- _What is needed_: Your answer should be the lines below from the one holding "Blarney Vale B&B Exterior photo" through the one holding "哪些德甲球队成功晋级2025年欧冠正赛？", copied exactly and with nothing else.

- _Given information_:
>>>>>
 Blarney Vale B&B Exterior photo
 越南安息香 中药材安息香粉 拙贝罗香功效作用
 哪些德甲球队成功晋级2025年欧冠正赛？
<<<<<
>>>>>
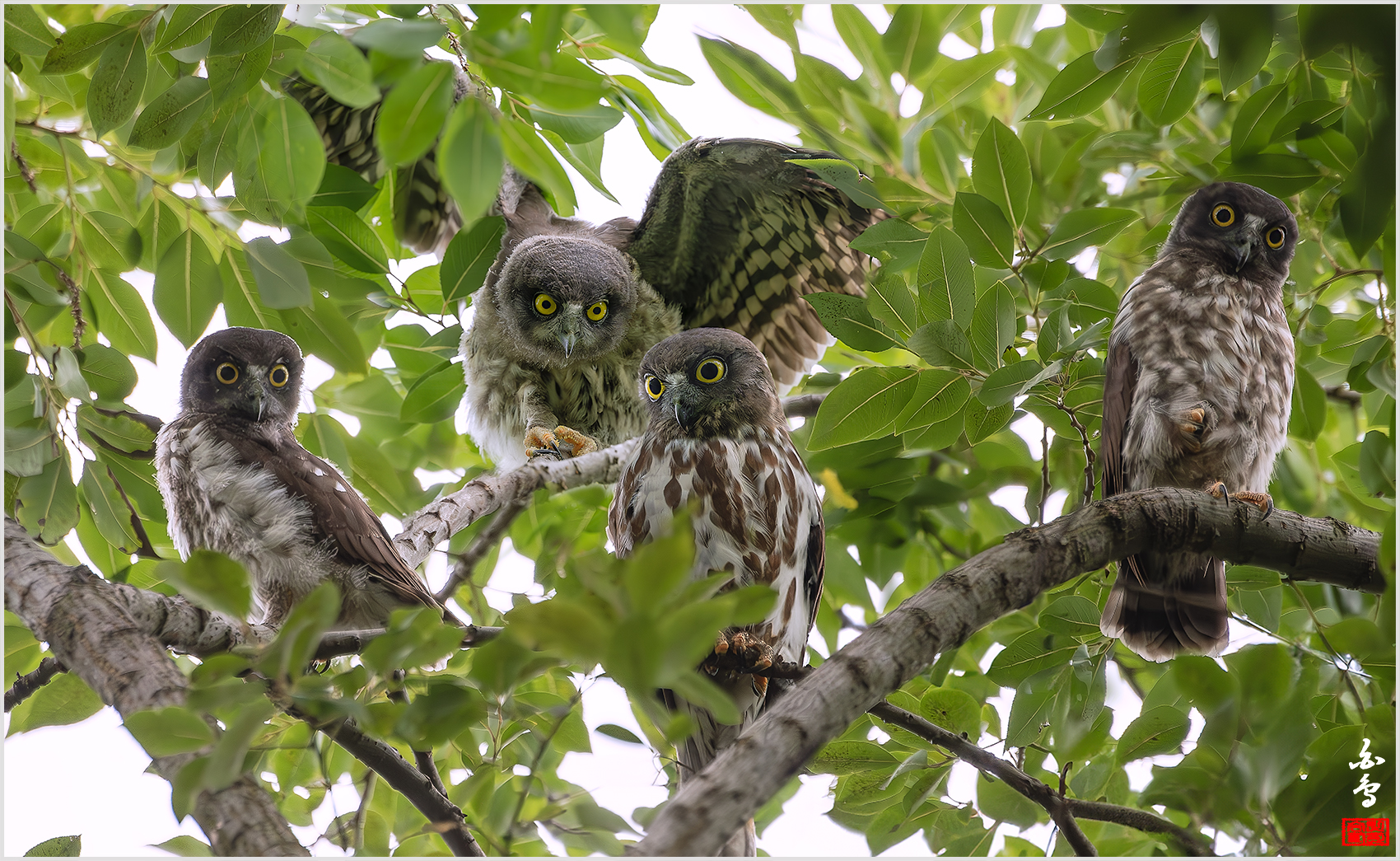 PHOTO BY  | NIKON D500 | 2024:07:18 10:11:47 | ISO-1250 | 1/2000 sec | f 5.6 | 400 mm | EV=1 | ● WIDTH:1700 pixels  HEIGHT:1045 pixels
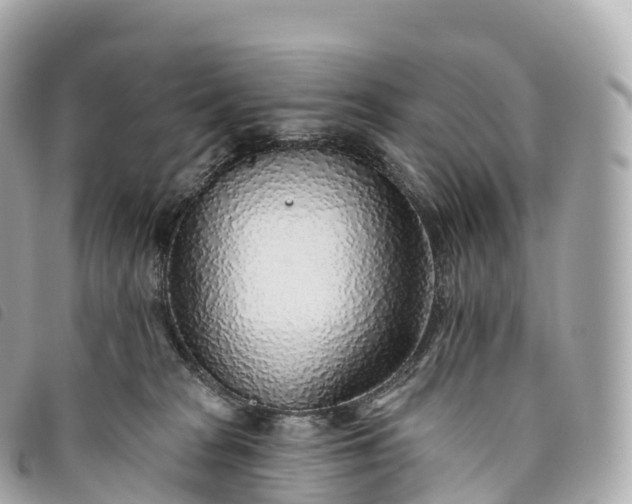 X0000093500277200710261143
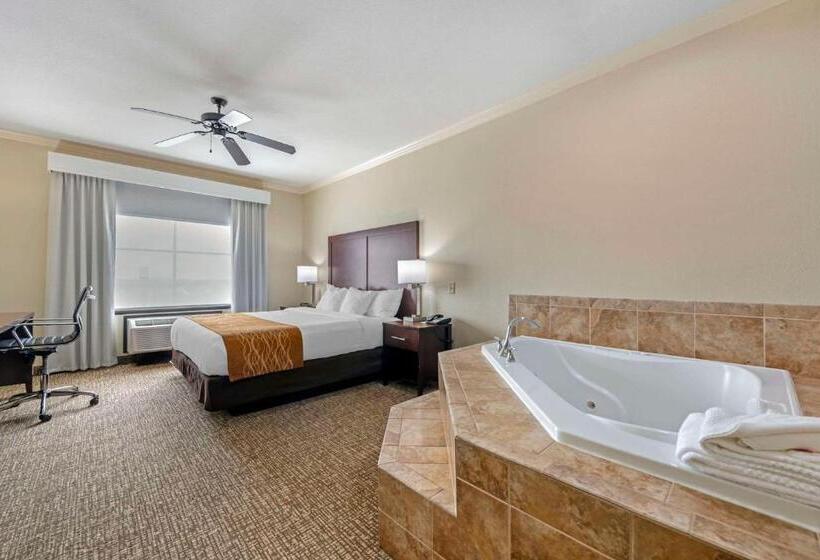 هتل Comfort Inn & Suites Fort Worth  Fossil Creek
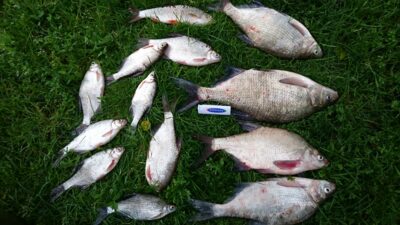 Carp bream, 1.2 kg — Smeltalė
<<<<<
>>>>>
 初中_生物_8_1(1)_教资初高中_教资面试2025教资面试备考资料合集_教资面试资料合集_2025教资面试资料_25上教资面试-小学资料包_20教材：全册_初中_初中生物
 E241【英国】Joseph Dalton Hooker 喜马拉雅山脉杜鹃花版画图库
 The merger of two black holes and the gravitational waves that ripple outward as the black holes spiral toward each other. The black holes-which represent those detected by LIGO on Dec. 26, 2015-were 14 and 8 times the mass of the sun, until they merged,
<<<<<
- _Solution_:
 Blarney Vale B&B Exterior photo
 越南安息香 中药材安息香粉 拙贝罗香功效作用
 哪些德甲球队成功晋级2025年欧冠正赛？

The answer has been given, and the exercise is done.